I heard a comment on CBC Radio yesterday from an interview with performer/singer Brandon Flowers.
He commented that he avoided public speaking as much as possible because in public speaking, he has to be himself, and he finds it so much easier to perform -- because then, he's not really presenting himself, he's presenting the person he's being in the performance.
I went in search of Flowers music after that -- and he's good. I really like his voice. But, his words got me thinking.
I prefer to speak in public than perform. I know how to be me. I don't know how to be someone else -- even when that someone else is a character I'm learning to perform.
Yesterday, when we ran the rehearsal for A DI Wedding: The Musical, I was in awe of the beauty and wonder of the human spirit. There were no performers there. Just real, live, humanely honest people being themselves.
It was stunning.
Firstly, what Onalea Gilbertson, our Director, has done with all the writings -- from scribbled notes and scratched out prose written in ten minute intervals as part of the groups process -- is amazing. She has created a piece that flows -- effortlessly weaving in a love story that touches deeply into hearts, stirring the mind with questions and feeding the spirit's craving for answers.
Can love survive in a homeless shelter? one man asks before throwing his notebook on the floor. No. He screams.
Bullshit, answers a woman.
And a young man stands up. He is nineteen. Struggling to find himself after a lifetime of abuse. "Why? Why would you say it can't," he says to the first man as he walks to the podium to read his notes. "This is the first place I've ever been where I've truly known love," he says. "It had to be here for me to find it."
And the play moves on.
It is stirring and funny and witty and clever and it is all real. No performances of someone else here. Just real people speaking of what is real for them.
John, an older man who plays a wicked guitar, wrote a song called, Get a Room. It's a common saying around the shelter when two people connect -- Get a Room.
See, there's no place for intimacy in a homeless shelter. No place for privacy, for couples to be together.
Get a Room, people say.
And often, they can't because, for whatever reason, they don't have money. They don't have a job. They don't have anything they can see as possibility. And if they can, Get a Room, they take the money they may have been saving to move on out, and use it for one night, or maybe two, of privacy. And then, they're right back at where they were, struggling once again to put together the needed cash to move on out. Struggling to get rid of their addiction. Struggling to make sense of the nonsense of their lives.

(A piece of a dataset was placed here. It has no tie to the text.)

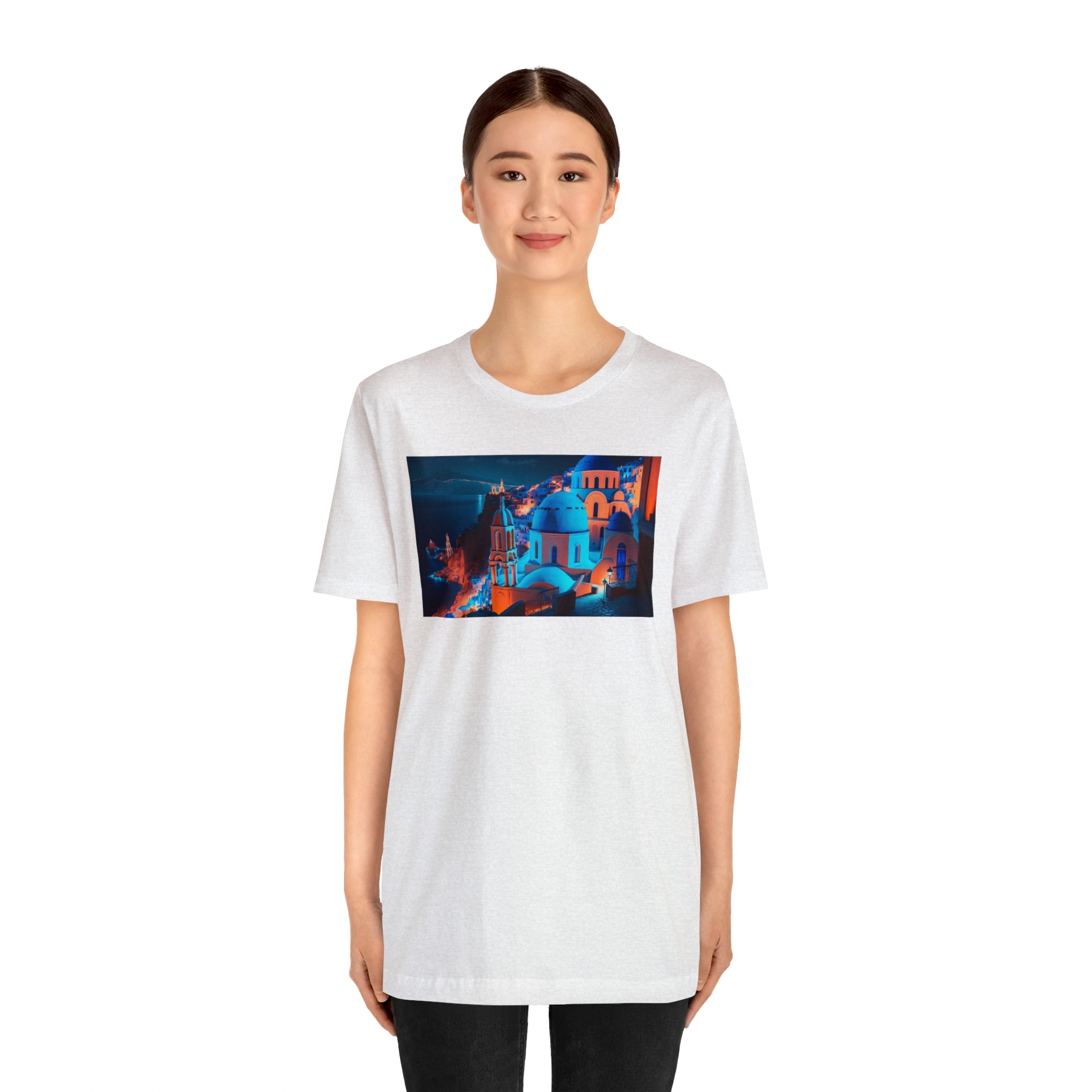 Unisex Jersey Short Sleeve Tee - Oia Blue Domes, Greece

And sometimes, it is love that gives them the impetus to find their senses, to find the courage and strength to move on out. To get more than, a room. To get a place to call home.

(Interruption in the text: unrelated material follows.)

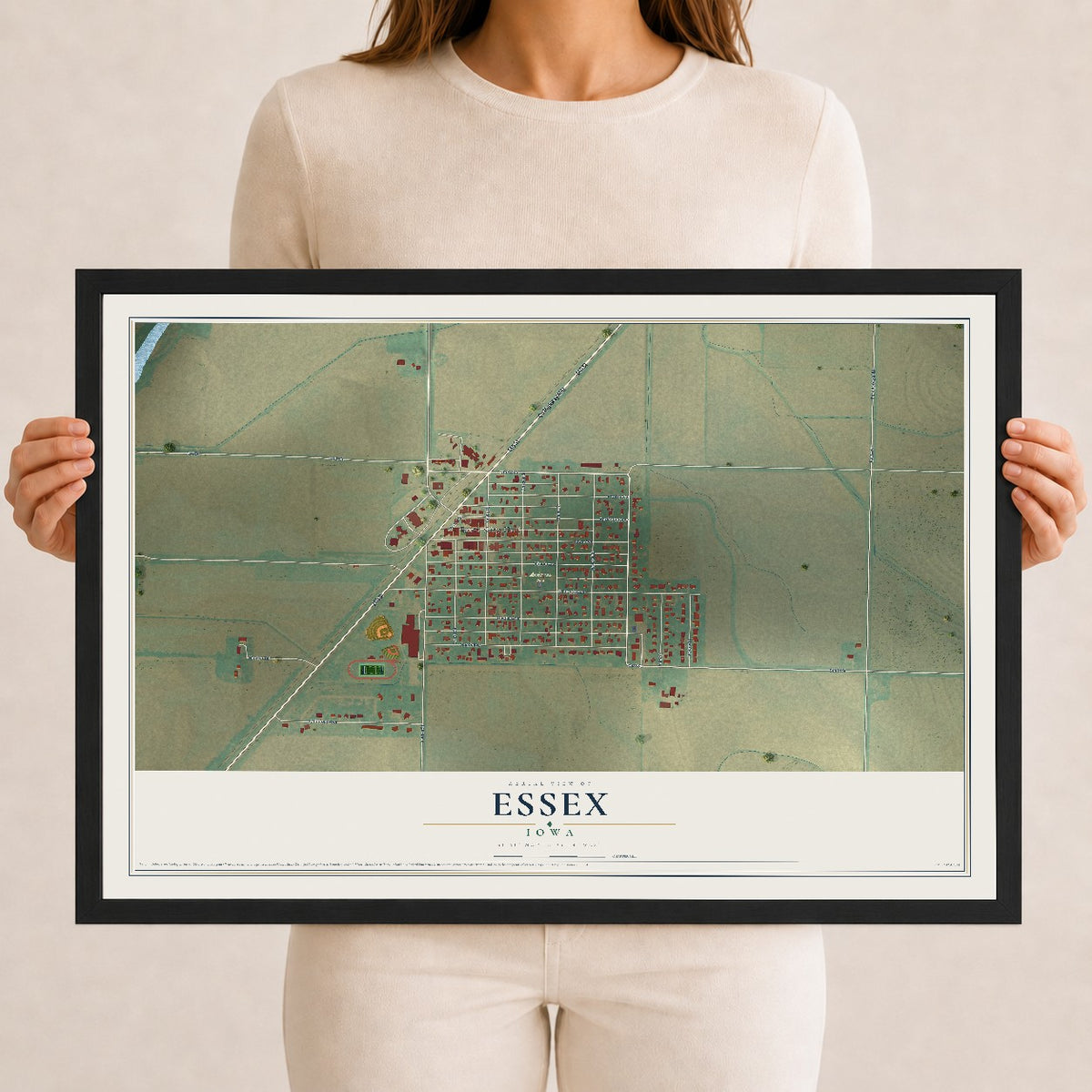 Map of Essex, Iowa, 12 x 18 inch print in a black wood frame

And sometimes, that place to call home is someone else's heart, if only for awhile. Someone else to share the journey, if only for the time being. And in that sharing, in that little while, they find peace, and a sense of joy, of wonder, of Love.
Can love survive in a shelter -- it never died.

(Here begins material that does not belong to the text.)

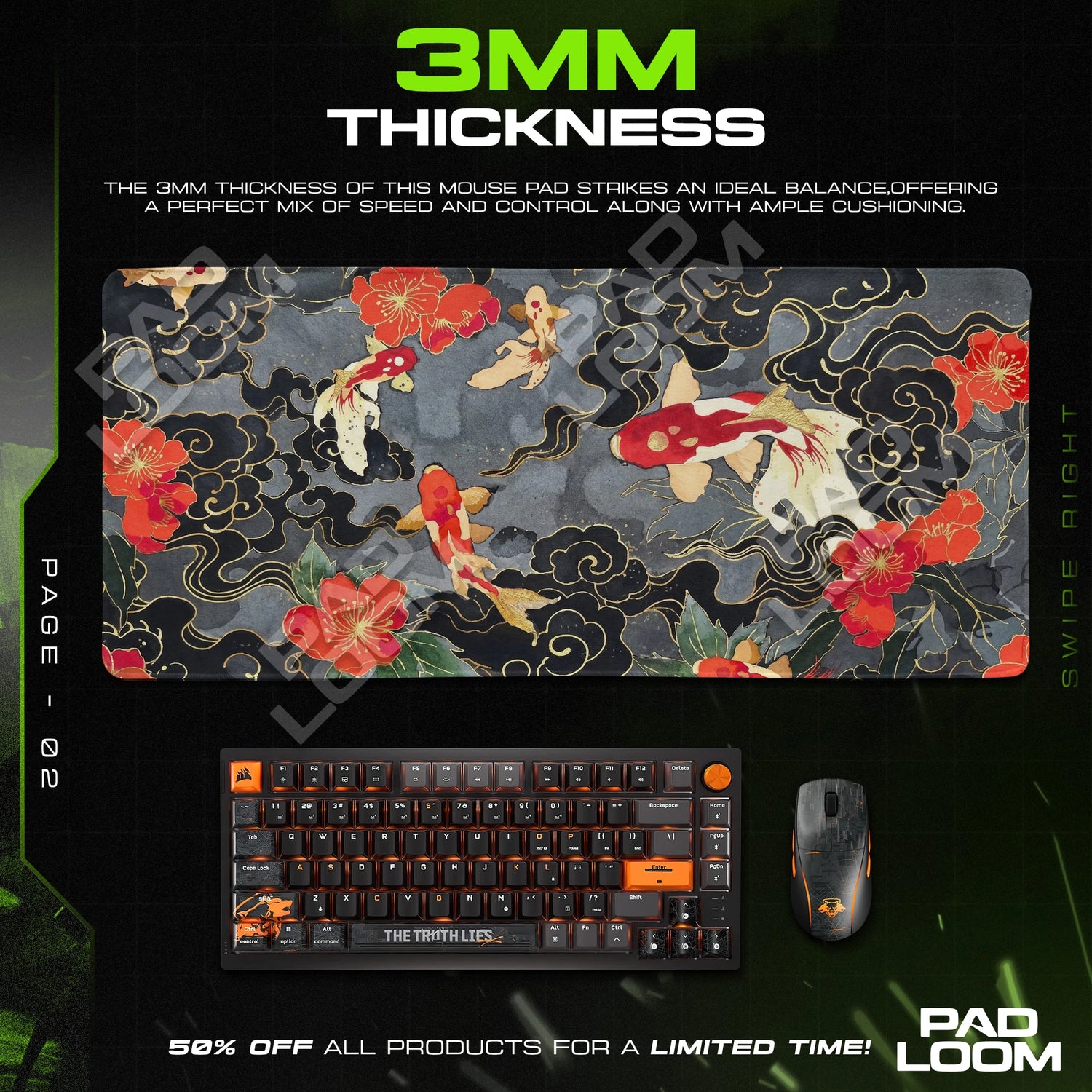 Golden Koi Clouds Mouse Pad - Japanese Desk Mat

It was a great morning. A morning of wonder and spirits soaring and ideas flying freely through the minds of all of us gathered together. Taking shape, filling out.
And then, I worked with twelve women as they moved through The Passion Test, identifying what makes their hearts tick, what makes their lives rich.
When I got home, my daughter Alexis and I watched a movie and ate popcorn. We laughed and joked and spent a beautiful evening together. A storm has blown in from the north bringing with it frigid temperatures and blowing snow. And there we were, mother and daughter, just the two of us, making it without trying, into a perfect evening,
It was a day of pure magic.
I am blessed.
May you be blessed today in everything you do and experience. May your heart be filled with joy, may your mind be filled with wonder, may your spirit soar.
6 comments:
"Can love survive in a homeless shelter?"
How many consider the importance of not denying such human need as the expression of physical love?
I like, though, that the question is about more than physical love. And that's what makes it such an important question to ask.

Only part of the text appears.